Dieter Seebach is a German chemist known for his synthesis of biopolymers and dendrimers, and for his contributions to stereochemistry. He was born on 31 October 1937 in Karlsruhe. He studied chemistry at the University of Karlsruhe (TH) under the supervision of Rudolf Criegee and at Harvard University with Elias Corey finishing in 1969. After his habilitation he became professor for organic chemistry at the University of Giessen.

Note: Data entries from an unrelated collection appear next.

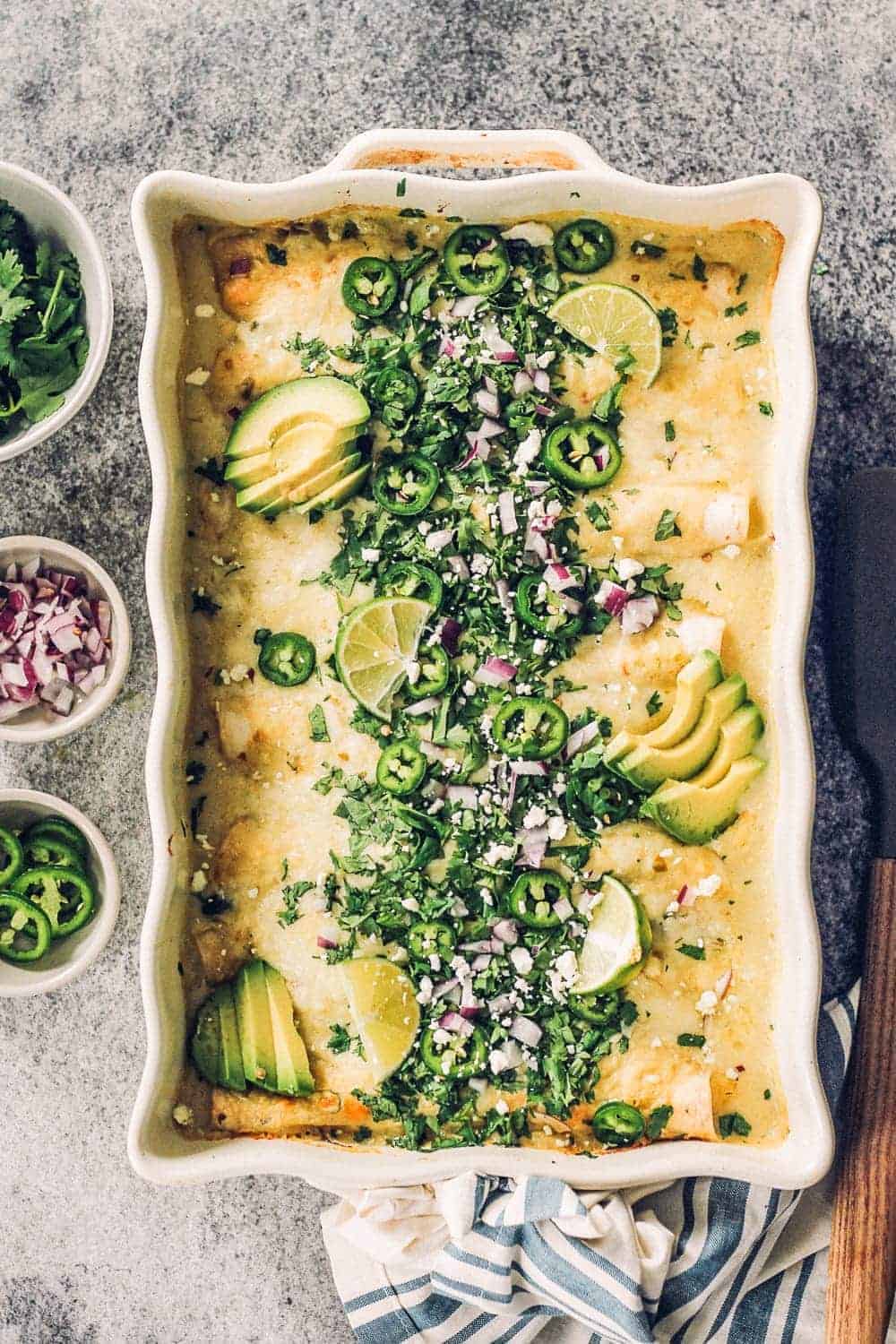 Baked Sour Cream Chicken Enchiladas topped with garnishes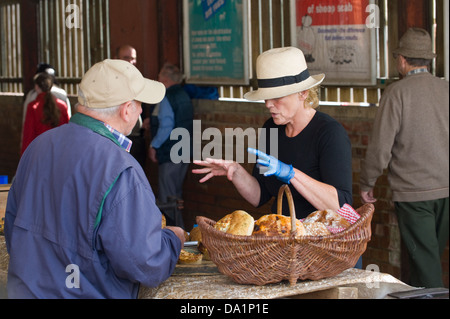 Donna che indossa hat vendendo torte sulla sua stallo a mensile del mercato degli agricoltori in Malton Ryedale North Yorkshire England Regno Unito Foto Stock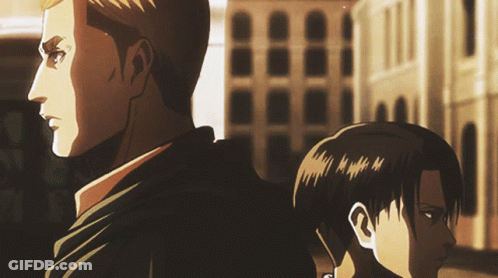 A Man And A Boy Are Standing Back To Back In Front Of A Building GIF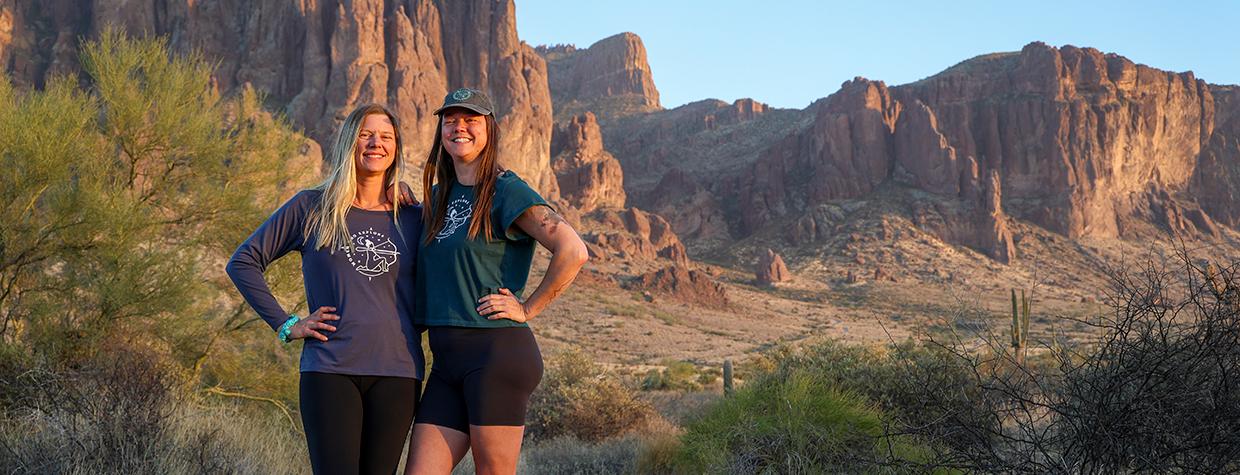 Lindsey Egan (left) and Melissa Wright pose in a desert setting with the Superstition Mountains in the background. By Shondiin Mayo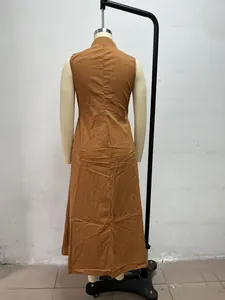 Back view of minimalist brown sleeveless maxi dress on a mannequin display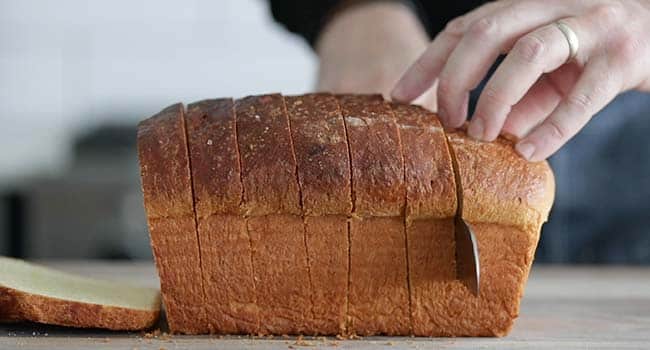 slicing brioche bread for french toast
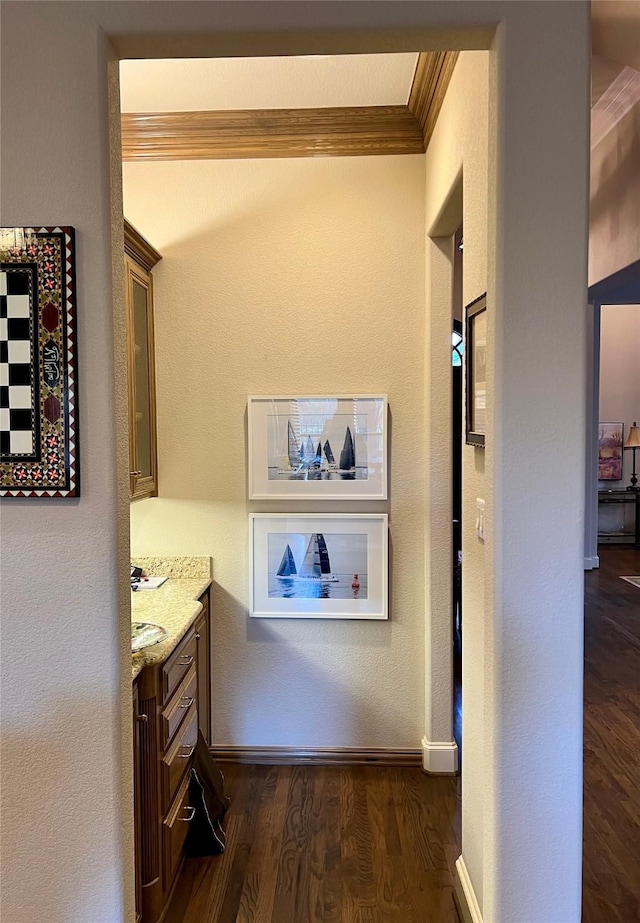 hallway featuring dark wood-style floors, baseboards, and ornamental molding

After six years he was appointed professor at the ETH Zurich where he worked until he retired in 2003.

Work

Seebach worked on dendrimer chemistry and on the synthesis of beta-peptides. The development of the umpolung, a polarity inversion of the carbonyl group, with 1,3-propanedithiol together with Corey had a big influence on organic synthesis, and subsequently the Corey-Seebach reaction was named after them.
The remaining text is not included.